Max L. Rosenstein, Newark, N.J., Archibald Palmer, New York City, for petitioner.

Daniel G. Kasen, Newark, N.J. (Kasen, Schnitzer & Kasen, Newark, N.J., on the brief), for respondent.

Before GOODRICH, KALODNER, and HASTIE, Circuit Judges.

HASTIE, Circuit Judge.


This appeal is from an order of the United States District Court for the District of New Jersey dismissing sua sponte appellant's petition for an arrangement under Chapter XI of the Bankruptcy Act.

Appellant is a New Jersey corporation. For more than one hundred years, New Jersey has provided a statutory proceeding in the interest of creditors, stockholders, and the public at large, whereby a corporation may be disabled from exercising its franchise upon a showing that the corporate privileges which the state has granted are being abused.1  On November 27, 1947, a creditor filed against the appellant in a competent New Jersey court a complaint alleging, among other things, that the business of the appellant was dominated by its president, Harry J. Weiner, who, together with his wife and the company's bookkeeper, constituted its board of directors; that Weiner had been convicted of a federal crime and sentenced to six months imprisonment as a result of his administration of the corporation; that Weiner "has in recent years been instrumental in organizing many corporations and has operated several of them in such a way that bankruptcy or receivership was the fate of said enterprises with great losses to the creditors"; that the affairs of this corporation had been so conducted as to cause it to become insolvent, and that the continuation of the course of operations would be prejudicial to the public and detrimental to creditors. After hearing, the court found that appellant was insolvent; that its business had been conducted to the prejudice and detriment of creditors and stockholders; and that the continuation of its course would be unsafe for the public and for those who had invested in it. Thereupon, the court enjoined further exercise of the corporate franchise and any action on behalf of the corporation by its officers or agents. In addition, the court appointed a statutory receiver and transferred title to all corporate property and assets to him with authority to administer and settle the affairs of the enterprise. This procedure was in accordance with the provisions of the New Jersey statute and may lead, within the discretion of the court, to the involuntary dissolution of the corporation.2 

The statutory receiver proceeded with his duties including the institution of legal proceedings to recover on certain claims. At the end of November 1949, his efforts were about to result in a recovery of $50,000 on an agreed settlement of litigation which he had instituted. However, a few days after judicial approval of the proposed settlement, the present petition for arrangement was filed in the district court by Harry J. Weiner as president of the appellant in its name and behalf. The petition revealed on its face that the petitioner lacked detailed information concerning the current status of the business, that the proposed arrangement was dependent on the realization of substantial sums from pending litigation, and that a purpose of the petitioner was to block the particular settlement then about to be consummated.

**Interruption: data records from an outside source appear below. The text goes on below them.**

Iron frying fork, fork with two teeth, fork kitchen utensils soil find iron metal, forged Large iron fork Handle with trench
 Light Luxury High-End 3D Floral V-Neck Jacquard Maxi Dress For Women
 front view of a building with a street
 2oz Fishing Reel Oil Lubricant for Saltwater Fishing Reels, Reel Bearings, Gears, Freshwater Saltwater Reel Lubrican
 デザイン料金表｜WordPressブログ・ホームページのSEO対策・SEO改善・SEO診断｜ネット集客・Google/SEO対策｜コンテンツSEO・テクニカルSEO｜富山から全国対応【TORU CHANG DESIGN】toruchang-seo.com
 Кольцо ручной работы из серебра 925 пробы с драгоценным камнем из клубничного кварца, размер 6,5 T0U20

The petition for arrangement was filed December 8, 1949, two years after the appointment of the New Jersey statutory receiver. A general reference was made to a referee in bankruptcy. The referee decided that the possession of the New Jersey statutory receiver, who had qualified more than four months before the institution of the present suit, should not be disturbed. The case was then certified back to the district court for review of this decision. After hearing, the court in a single order sustained the referee's conclusion and, on its own motion, dismissed the petition for arrangement.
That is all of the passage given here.